Aim of the exercise. Your job is to copy every record exactly.

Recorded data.
• • • • •
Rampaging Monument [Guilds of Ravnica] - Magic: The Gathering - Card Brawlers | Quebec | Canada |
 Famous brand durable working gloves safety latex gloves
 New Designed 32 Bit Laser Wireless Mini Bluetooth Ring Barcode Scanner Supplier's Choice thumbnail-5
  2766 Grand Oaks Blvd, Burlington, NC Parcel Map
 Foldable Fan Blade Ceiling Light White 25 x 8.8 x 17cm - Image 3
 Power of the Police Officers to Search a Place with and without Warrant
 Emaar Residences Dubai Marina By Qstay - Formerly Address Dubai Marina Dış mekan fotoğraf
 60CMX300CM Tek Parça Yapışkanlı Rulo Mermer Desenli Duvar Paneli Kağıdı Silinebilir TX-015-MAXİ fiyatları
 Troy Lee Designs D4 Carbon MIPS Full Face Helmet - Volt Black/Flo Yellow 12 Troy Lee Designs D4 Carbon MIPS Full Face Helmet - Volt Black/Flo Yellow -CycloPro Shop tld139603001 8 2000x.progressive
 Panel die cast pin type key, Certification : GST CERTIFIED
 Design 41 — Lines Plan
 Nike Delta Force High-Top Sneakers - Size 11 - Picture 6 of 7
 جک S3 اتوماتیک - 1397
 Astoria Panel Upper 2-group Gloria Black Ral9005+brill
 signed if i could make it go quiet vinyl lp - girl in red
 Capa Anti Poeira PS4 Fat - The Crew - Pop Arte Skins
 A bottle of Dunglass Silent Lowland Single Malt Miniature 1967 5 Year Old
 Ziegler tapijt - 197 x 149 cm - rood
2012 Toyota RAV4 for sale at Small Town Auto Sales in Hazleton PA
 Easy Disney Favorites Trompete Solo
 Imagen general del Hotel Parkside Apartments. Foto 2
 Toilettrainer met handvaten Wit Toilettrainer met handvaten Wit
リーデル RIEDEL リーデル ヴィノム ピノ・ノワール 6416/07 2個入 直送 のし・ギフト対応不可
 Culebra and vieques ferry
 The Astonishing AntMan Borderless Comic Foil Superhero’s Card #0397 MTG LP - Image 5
• • • • •
Response to this task.
Rampaging Monument [Guilds of Ravnica] - Magic: The Gathering - Card Brawlers | Quebec | Canada |
 Famous brand durable working gloves safety latex gloves
 New Designed 32 Bit Laser Wireless Mini Bluetooth Ring Barcode Scanner Supplier's Choice thumbnail-5
  2766 Grand Oaks Blvd, Burlington, NC Parcel Map
 Foldable Fan Blade Ceiling Light White 25 x 8.8 x 17cm - Image 3
 Power of the Police Officers to Search a Place with and without Warrant
 Emaar Residences Dubai Marina By Qstay - Formerly Address Dubai Marina Dış mekan fotoğraf
 60CMX300CM Tek Parça Yapışkanlı Rulo Mermer Desenli Duvar Paneli Kağıdı Silinebilir TX-015-MAXİ fiyatları
 Troy Lee Designs D4 Carbon MIPS Full Face Helmet - Volt Black/Flo Yellow 12 Troy Lee Designs D4 Carbon MIPS Full Face Helmet - Volt Black/Flo Yellow -CycloPro Shop tld139603001 8 2000x.progressive
 Panel die cast pin type key, Certification : GST CERTIFIED
 Design 41 — Lines Plan
 Nike Delta Force High-Top Sneakers - Size 11 - Picture 6 of 7
 جک S3 اتوماتیک - 1397
 Astoria Panel Upper 2-group Gloria Black Ral9005+brill
 signed if i could make it go quiet vinyl lp - girl in red
 Capa Anti Poeira PS4 Fat - The Crew - Pop Arte Skins
 A bottle of Dunglass Silent Lowland Single Malt Miniature 1967 5 Year Old
 Ziegler tapijt - 197 x 149 cm - rood
2012 Toyota RAV4 for sale at Small Town Auto Sales in Hazleton PA
 Easy Disney Favorites Trompete Solo
 Imagen general del Hotel Parkside Apartments. Foto 2
 Toilettrainer met handvaten Wit Toilettrainer met handvaten Wit
リーデル RIEDEL リーデル ヴィノム ピノ・ノワール 6416/07 2個入 直送 のし・ギフト対応不可
 Culebra and vieques ferry
 The Astonishing AntMan Borderless Comic Foil Superhero’s Card #0397 MTG LP - Image 5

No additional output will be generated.